Jean-François Mattei

(Les liens qui libèrent, 2017, 160 p. 20 €)

 
Questions de conscience De la génétique au posthumanisme (J.-F. Mattei, Les liens qui libèrent, 2017)Sa couverture est réussie : le livre y est tout entier. L’exprimable et le non-exprimable, le dit et le non-dit.

On voit d’abord les deux mains, elles emplissent la page, celle d’un homme et celle d’un robot, dessinées dans la position des deux mains de la célèbre fresque de Michel-Ange représentant la création de l’homme, mais là, celle d’un homme, Adam, et celle d’un dieu.
Jean-François Mattei, tout au long de son essai, s’interroge sur cette volonté humaine, à l’œuvre actuellement en divers lieux du monde, y consacrant des milliards, visant à créer un nouvel être, robot omniscient et/ou homme immortel. Cette entreprise, qui fait appel aux derniers progrès de la science et de la technique, qui fait faire d’extraordinaires pas de géant à la science et à la technique, est-elle sérieuse ? Qui peut dire où elle nous mène ? Etre comme des dieux est un vieux rêve des hommes : il invite au progrès, il est aussi source de tous les dangers. Ces deux mains, l’une tendue vers l’autre, l’une conviant l’autre à la vie, expriment à la perfection le propos du livre, fait d’émerveillements et d’inquiétudes.

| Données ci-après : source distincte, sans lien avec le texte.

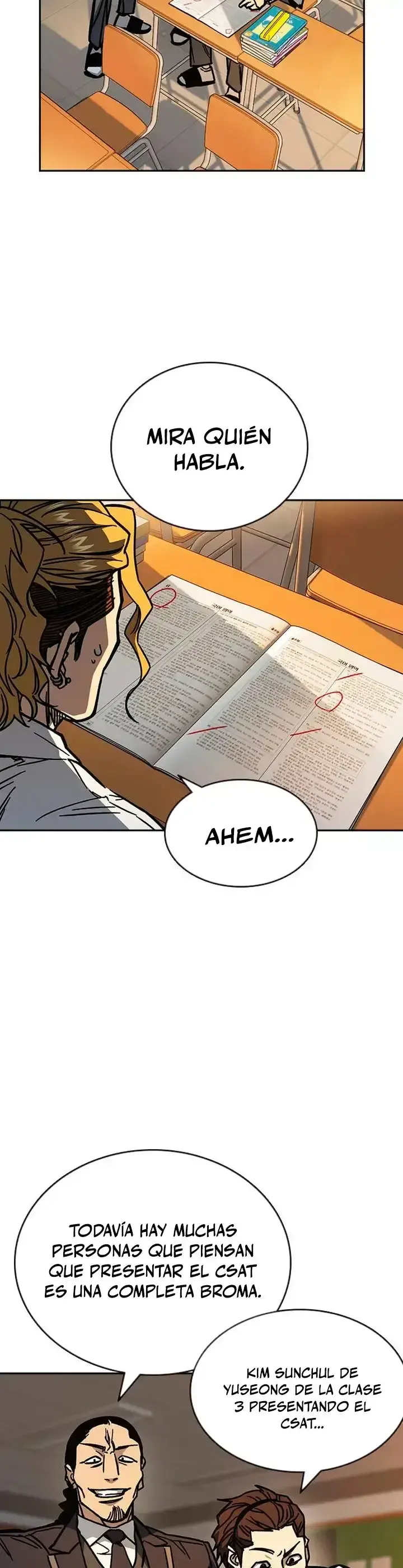 Capitulo 249 page 5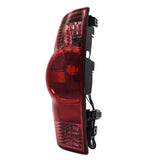 Left Driver Side Tail Light for 2005-2015 Toyota Tacoma 81560-04150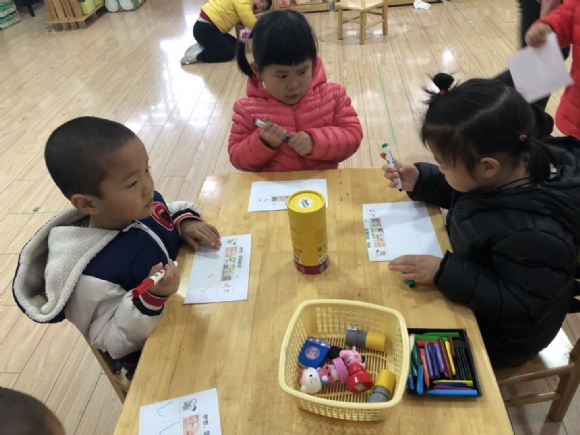 ������微信图片_201803190936478.jpg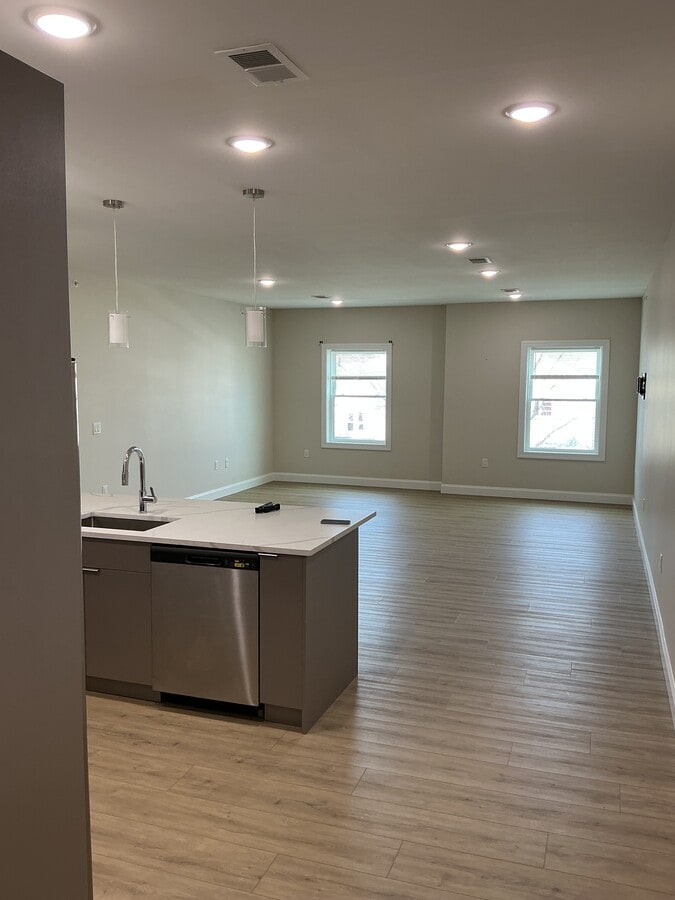 Photo - 26 Elm St Unidad 8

Et on y lit ensuite, de part et d’autre des deux mains, titre et sous-titre : « Questions de conscience », « De la génétique au posthumanisme ». En lisant « questions de conscience », on entend en même temps « question de confiance » et c’est bien de cela qu’il s’agit : de question(s), de conscience, de confiance. Que sommes-nous en train de faire, que devient la conscience dans tout cela, en quoi et en qui croire ? L’auteur n’esquive aucune de ces questions. Sa réflexion se veut objective, scientifique, autant qu’il est possible en un tel domaine. Il rappelle qu’avec le séquençage du génome, beaucoup ont pensé qu’on savait désormais tout de la vie, mais en réalité il n’en était rien, les gènes ne déterminent pas tout. N’en sera-t-il pas de même avec le décryptage du « connectome » ? A supposer qu’on parvienne à tout savoir et tout comprendre, à l’aide des ordinateurs et algorithmes ad hoc, des milliers de milliards de nos neurones et des milliards de milliards de connections qui les relient, en saurons-nous plus sur l’esprit, sur l’âme, sur la conscience ? Le constat est connu : plus la science étend le domaine du connu, plus celui de l’inconnu qu’elle perçoit ou devine s’étend lui aussi. N’est-ce pas ce qu’oublient transhumanistes et posthumanistes ?

Tout le livre est guidé par le doute, vertu principielle de la pensée scientifique. Pas le doute qui paralyse, le doute qui fait avancer droit.

Notre organisme à beau être, bel et bien, une machine physico-bio-chimique, est-il seulement cela ?

Jean-François Mattei, médecin pénétré de la mission de la médecine, soigner, soulager, guérir… nous emmène dans une passionnante réflexion sur l’état actuel des recherches et de leurs promesses.